34 Y yo le he visto y doy testimonio de que éste es el Elegido de Dios.» (Jn. 1, 29-34)
¡Grandioso testimonio, éste de Juan
el Bautista y a la vez, con qué sencillez cuenta su encuentro con
Jesús por primera vez!
¡Cuántas veces, Juan, en sus largos
días de soledad en el desierto, ¡imaginaría esta cita única con “el Cordero de
Dios”! La revelación de este encuentro se haría poco a poco en su
corazón, así como la misión de prepararle el camino con un bautismo de
penitencia, que quitaría todo impedimento para que a todos se
les revelara la presencia única de Dios entre ellos.
Primero, sabría que el Mesías no sería un
rey poderoso, como los reyes de la tierra, sino un “manso
cordero” ya profetizado antaño. Él vendría a darse todo entero y no a
quitar nada a los hombres. El que habría de preparar los corazones era
Juan, a través de un bautismo de penitencia en el Jordán. Y, con
la conversión, se hace una morada para que habite el Espíritu
Santo. ¡Éste sí que es quien perdona los pecados y
santifica, para comenzar una vida nueva que inaugura Jesús con su
venida! ¡Qué acontecimiento grandioso para la humanidad, esta
manifestación inaugural de Dios que, en Jesús, nos trae
la salvación! Aquí, en el Jordán, la gracia se derramó
abundantemente porque eran muchos los que ansiaban al Mesías y estaban
preparados, por Juan, para acogerlo; para escuchar sus Palabras
de vida eterna; para ser curados de sus dolencias físicas que eran imagen
de sus heridas del alma. Todo, alrededor de Jesús, florecía como una
nueva creación, limpia ya del pecado, por su presencia sanadora.
Y es que Juan testificó abiertamente
que “Jesús era el Hijo de Dios” en Persona. Él
el Único portador del Espíritu Santo que, también afirmó
ser “Jesús, el Hijo Amado del Padre”, al Único a
quien había que escuchar, porque sus Palabras eran traídas del
cielo a la tierra y era lenguaje de Dios.
Todas estas revelaciones, en la
verdad, nos desbordan, pero son una invitación constante a escuchar a
Jesús y su Palabra y dejarnos hacer
por Ella, para “ser santos, como el
Padre es Santo”. A veces, tan envueltos en las cosas
del mundo, nos parece demasiado bello todo lo que Dios ha hecho por
nosotros y con nosotros.
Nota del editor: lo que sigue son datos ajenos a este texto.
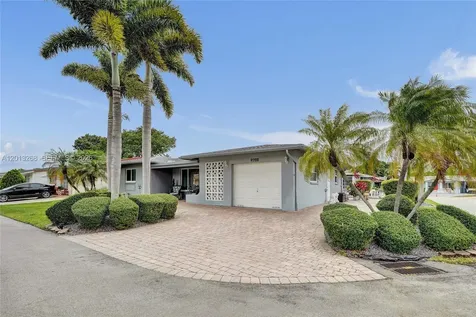 4722 NW 44th Court Tamarac FL 33319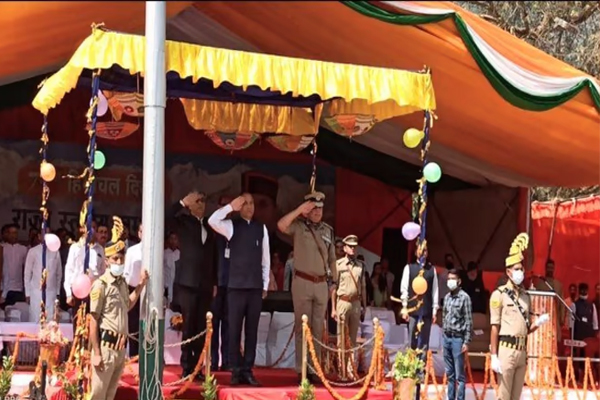 हिमाचल दिवस पर इनको मिले सिविल सेवा, प्रेरणा स्रोत और हिमाचल गौरव पुरस्कार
Pero Él nos pide sólo que
actuemos nuestra fe y nos dejemos enseñar y entrar en sus planes. Él es el Único que
trae la salvación a manos llenas: “entre el cielo y la tierra, no se
nos ha dado otro Nombre que pueda
salvarnos”. Porque, también: “al Nombre de Jesús,
toda rodilla se doble en el cielo, en la tierra, en el
abismo y toda lengua proclame: Jesucristo es Señor, para
gloria de Dios Padre”. ¡Qué bella es nuestra fe; qué grande es el
Amor de Dios que hasta nos llama “sus hijos”, pues lo somos, ¡por el Hijo y en
el Hijo!
Juan Bautista gozó en vida de todos
estos Misterios que son una maravilla. Y, aunque su
vida acabó violentamente a manos de hombres malvados, su fe en
el Mesías permaneció como una roca, porque también había entrado
en la humildad de Aquél a quien manifestó: “Él
tiene que crecer, yo tengo que menguar”. Y, así lo
cumplió, por la gracia de Dios: se dejó triturar por amor, como el
grano de trigo para ser ante todos los hombres “el dulce trigo de Cristo”.
¡Qué el Señor se digne hacernos entrar, por su gracia, en todos estos Misterios! ¡Qué así sea! ¡Amén! ¡Amén!